Au début des années 2000, le bureau de poste dont Jean-Marie est responsable est sur le déclin. « C’était un secret de polichinelle : un bon facteur connaît sa tournée et ne travaille pas les 35 heures dues à son entreprise. C’était toléré quand la distribution de courrier était l’activité principale du bureau de poste. Cela a été remis en question quand nous avons dû développer d’autres activités : banque, colis… Mon bureau de poste ne dérogeait pas à la règle. Mais comme je n’aimais pas le conflit et que ce sujet était source de tension, j’ai laissé courir… » Quand la pression de sa direction s’accroît et que les attentes en matière de performance se renforcent, Jean-Marie se trouve contraint de monter au front : « J’ai repoussé les discussions difficiles pendant des mois, jusqu’à être au pied du mur. Quand il a fallu que je “resserre la vis” de manière brutale, je suis entré dans un long tunnel de conflits individuels et collectifs qui m’a épuisé. ».

Ce qu’il retient de cette période difficile ? « Les problèmes ne se résolvent jamais d’eux-mêmes ! Je sais aujourd’hui que si j’avais amené les choses progressivement, si j’avais osé mettre le holà bien avant, la situation aurait été plus facile à gérer. » S’il redoute toujours autant la confrontation, Jean-Marie a terminé sa carrière avec sa propre méthode pour éviter que les situations ne s’enveniment : « J’aborde les ébauches de problèmes immédiatement, en privé et calmement. Je ne suis jamais dans l’accusation, je pose simplement des questions jusqu’à ce que mes collaborateurs identifient eux-mêmes les points à corriger, et leurs solutions. »

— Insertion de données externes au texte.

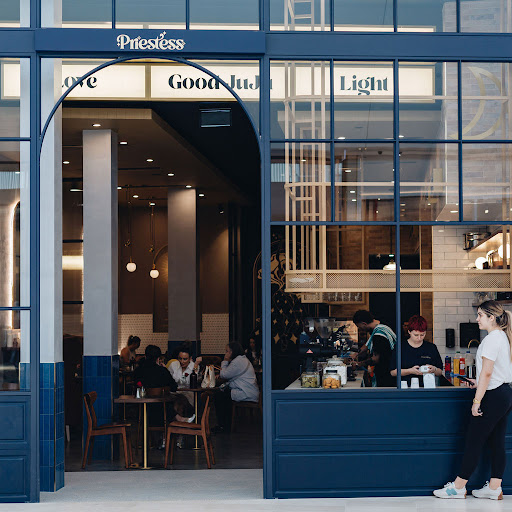 Photo of Voodoo Priestess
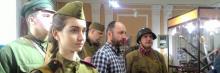 В Крыму проводятся тематические мероприятия, посвященные Дням воинской славы России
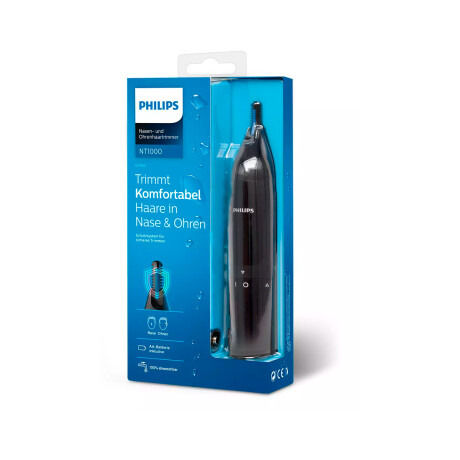 Recortador Para Nariz Y Orejas Philips Nt1650 Unica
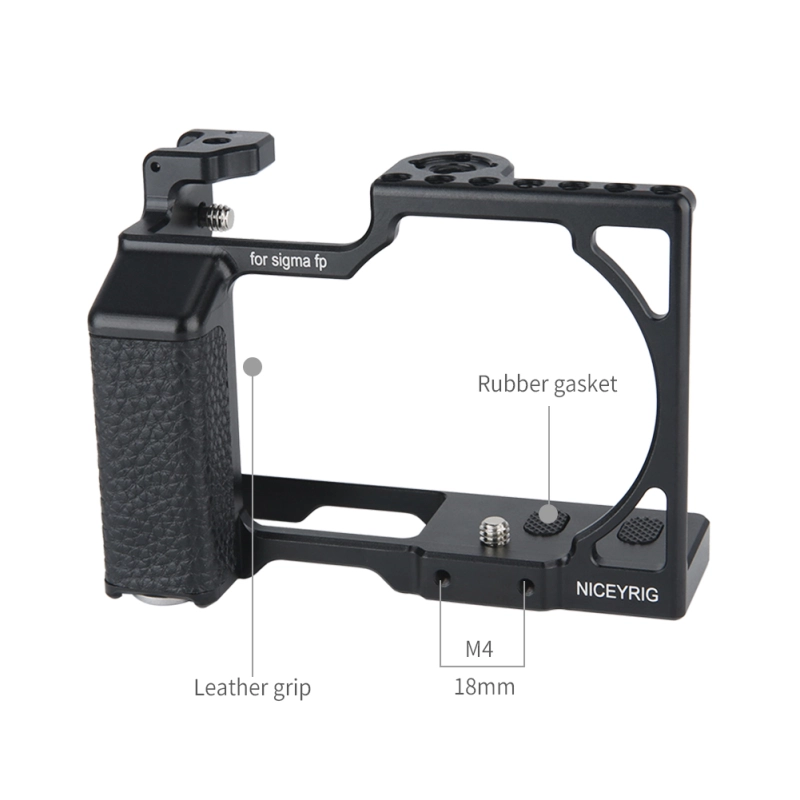 Niceyrig Cage for Sigma FP/FPL Camera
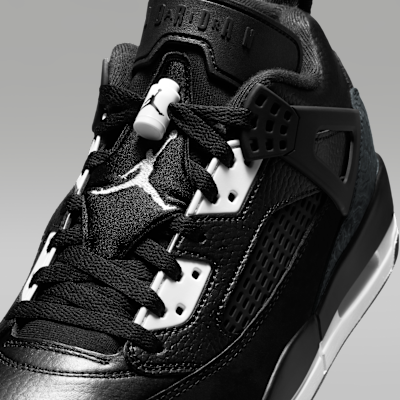Cheap Jordan Spizike Low Noir/Blanc/Anthracite FQ1759-010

« J’ai donné plus de travail à des employés qui étaient déjà bons »

Au début de sa carrière de responsable d’un service juridique dans le secteur bancaire, Caroline se trouve confrontée à un dilemme délicat dans la répartition des tâches au sein de son équipe. « J’étais convaincue que la meilleure approche consistait à confier les plus importantes à ceux qui étaient déjà les plus compétents dans leur domaine », explique-t-elle. Une logique qui lui semble alors implacable, et plus efficace. Pourtant, en privilégiant systématiquement les collaborateurs les plus performants, Caroline ne se rend pas compte qu’elle crée involontairement un déséquilibre. « Ceux qui étaient les plus performants étaient en surcharge, et les moins performants n’avaient plus l’opportunité de progresser. Et si les employés les plus compétents attiraient la majorité des tâches, ils gagnaient également la plus grande partie de la pratique. » Aujourd’hui, Caroline a appris l’importance de créer une culture dans laquelle chacun a l’opportunité de progresser et d’en être récompensé. « Je recommande aux jeunes managers que j’accompagne de ne pas sous-estimer l’importance de donner des opportunités à chacun, quel que soit le niveau de compétences actuel. Ce n’est que comme cela que l’on construit une équipe solide et résiliente ! »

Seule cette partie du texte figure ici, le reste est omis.